### abstract ###
Recently, a number of advanced screening technologies have allowed for the comprehensive quantification of aggravating and alleviating genetic interactions among gene pairs.
In parallel, TAP-MS studies have been successful at identifying physical protein interactions that can indicate proteins participating in the same molecular complex.
Here, we propose a method for the joint learning of protein complexes and their functional relationships by integration of quantitative genetic interactions and TAP-MS data.
Using 3 independent benchmark datasets, we demonstrate that this method is 50 percent more accurate at identifying functionally related protein pairs than previous approaches.
Application to genes involved in yeast chromosome organization identifies a functional map of 91 multimeric complexes, a number of which are novel or have been substantially expanded by addition of new subunits.
Interestingly, we find that complexes that are enriched for aggravating genetic interactions are more likely to contain essential genes, linking each of these interactions to an underlying mechanism.
These results demonstrate the importance of both large-scale genetic and physical interaction data in mapping pathway architecture and function.
### introduction ###
Genetic interactions are logical relationships between genes that occur when mutating two or more genes in combination produces an unexpected phenotype CITATION CITATION.
Recently, rapid screening of genetic interactions has become feasible using Synthetic Genetic Arrays or diploid Synthetic Lethality Analysis by Microarray CITATION, CITATION.
SGA pairs a gene deletion of interest against a deletion to every other gene in the genome.
The growth/no growth phenotype measured over all pairings defines a genetic interaction profile for that gene, with no growth indicating a synthetic-lethal genetic interaction.
Alternatively, all combinations of double deletions can be analyzed among a functionally-related group of genes CITATION CITATION.
A recent variant of SGA termed E-MAP CITATION has made it possible to measure continuous rates of growth with varying degrees of epistasis.
Aggravating interactions are indicated if the growth rate of the double gene deletion is slower than expected, while for alleviating interactions the opposite is true CITATION, CITATION .
One popular method to analyze genetic interaction data has been to hierarchically cluster genes using the distance between their genetic interaction profiles.
Clusters of genes with similar profiles are manually searched to identify the known pathways and complexes they contain as well as any genetic interactions between these complexes.
This approach has been applied to several large-scale genetic interaction screens in yeast including genes involved in the secretory pathway CITATION and chromosome organization CITATION.
Segr et al. CITATION extended basic hierarchical clustering with the concept of monochromaticity, in which genes were merged into the same cluster based on minimizing the number of interactions with other clusters that do not share the same classification .

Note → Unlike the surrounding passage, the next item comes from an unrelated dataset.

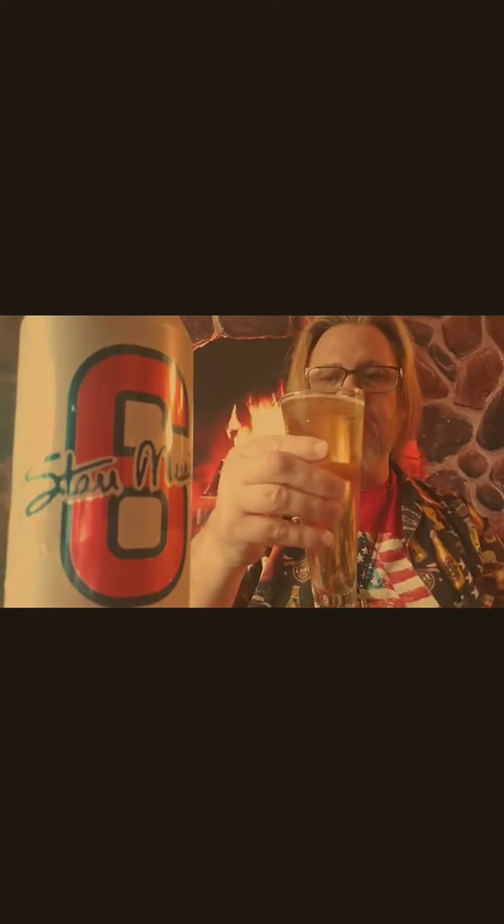Cheers. I'm going to pour a little more to see if I can get some head retention. Poured with a nice head — I didn't pour hard enough to get much head. Not getting much head here. I'm using my stem pilsner glass.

Another set of methods has sought to interpret genetic relationships using physical protein-protein interactions CITATION.
Among these, Kelley and Ideker CITATION used physical interactions to identify both within-module and between-module explanations for genetic interactions.

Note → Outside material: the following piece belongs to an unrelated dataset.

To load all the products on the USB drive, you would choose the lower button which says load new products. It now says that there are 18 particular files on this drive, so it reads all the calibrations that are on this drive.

In both cases, modules were detected as clusters of proteins that physically interact with each other more often than expected by chance.
The within-module model predicts that these clusters directly overlap with clusters of genetic interactions.
The between-module model predicts that genetic interactions run between two physical clusters that are functionally related.
This approach was improved by Ulitsky et al. CITATION using a relaxed definition of physical modules.
In related work, Zhang et al. CITATION screened known complexes annotated by the Munich Information Center for Protein Sequences to identify pairs of complexes with dense genetic interactions between them.
One concern with the above approaches, and the works by Kelley and Ulitsky in particular, is that they make assumptions about the density of interactions within and between modules which have not been justified biologically.
Ideally, such parameters should be learned directly from the data.
Second, between-module relationships are identified by separate, independent searches of the network seeded from each genetic interaction.
This local search strategy can lead to a set of modules that are highly overlapping or even completely redundant with one another.
Finally, genetic interactions are assumed to be binary growth/no growth events while E-MAP technology has now made it possible to measure continuous values of genetic interaction with varying degrees of epistasis.
Here, we present a new approach for integrating quantitative genetic and physical interaction data which addresses several of these shortcomings.
Interactions are analyzed to infer a set of modules and a set of inter-module links, in which a module represents a protein complex with a coherent cellular function, and inter-module links capture functional relationships between modules which can vary quantitatively in strength and sign.
Our approach is supervised, in that the appropriate pattern of physical and genetic interactions is not predetermined but learned from examples of known complexes.
Rather than identify each module in independent searches, all modules are identified simultaneously within a single unified map of modules and inter-module functional relationships.
We show that this method outperforms a number of alternative approaches and that, when applied to analyze a recent EMAP study of yeast chromosome function, it identifies numerous new protein complexes and protein functional relationships.